Produce a word-for-word copy of the listing below without its pictures.

===== Material provided

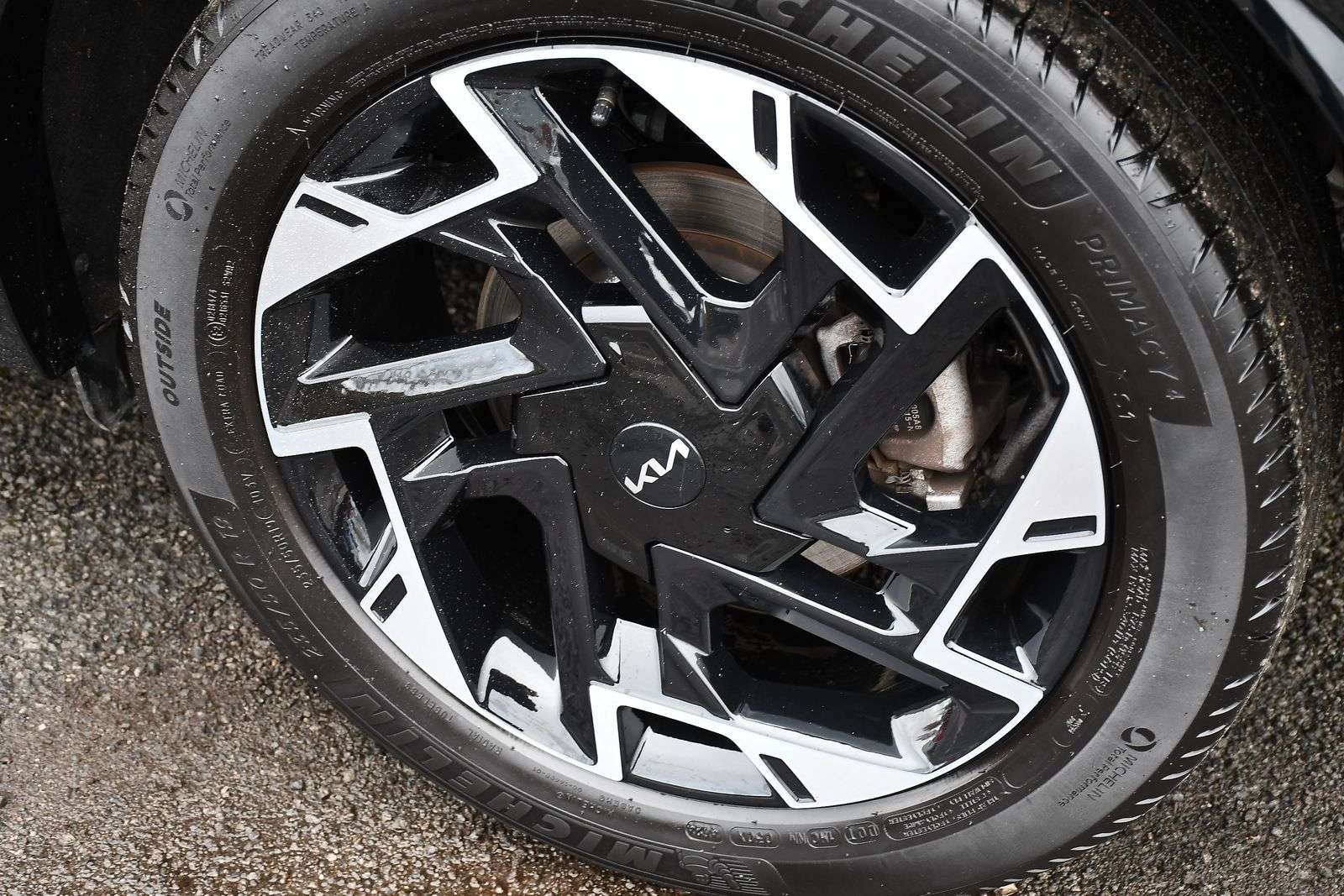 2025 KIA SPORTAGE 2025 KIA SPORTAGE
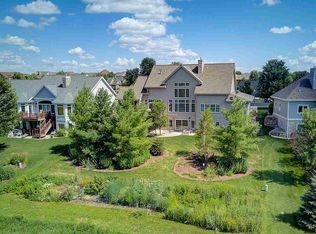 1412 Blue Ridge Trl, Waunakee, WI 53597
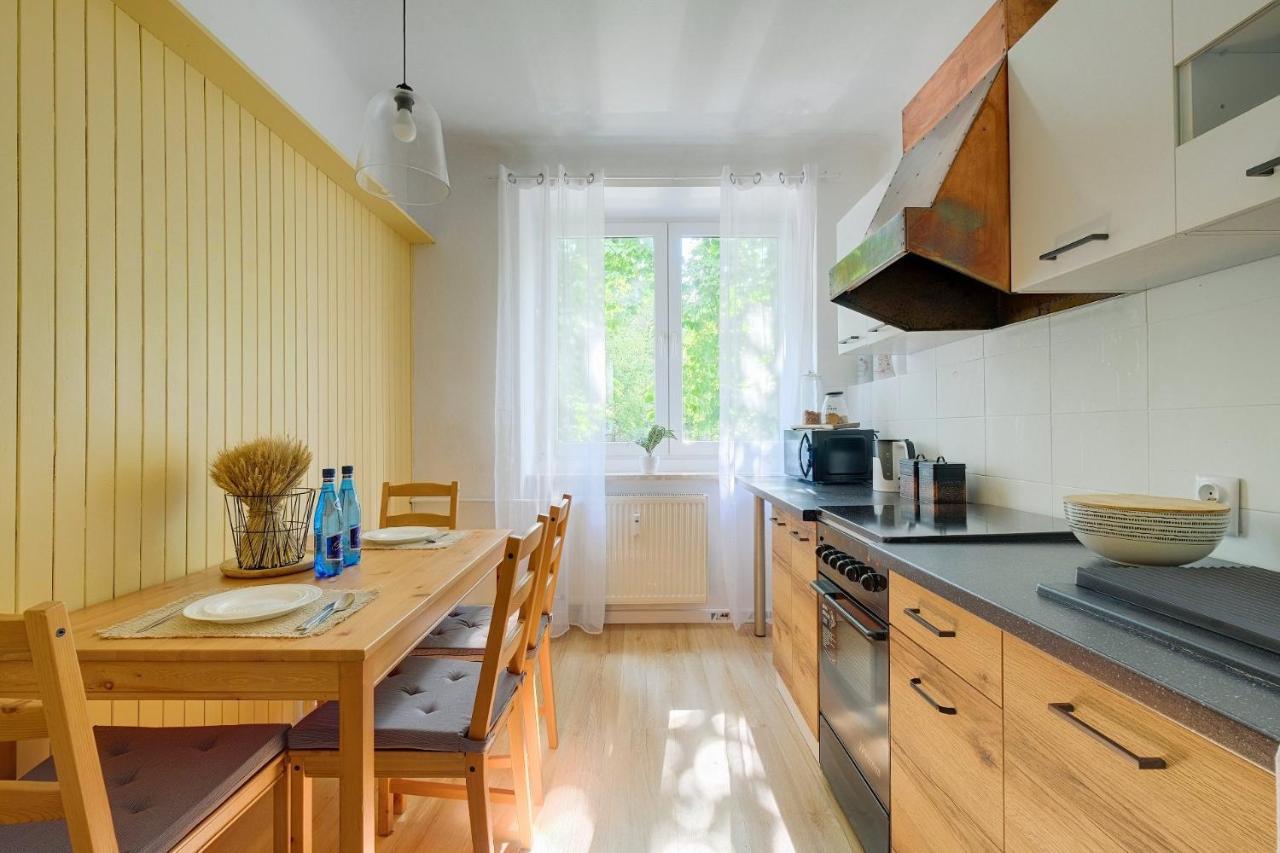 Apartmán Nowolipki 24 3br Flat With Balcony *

==========

• Solved problem
 2025 KIA SPORTAGE 2025 KIA SPORTAGE
 1412 Blue Ridge Trl, Waunakee, WI 53597
 Apartmán Nowolipki 24 3br Flat With Balcony *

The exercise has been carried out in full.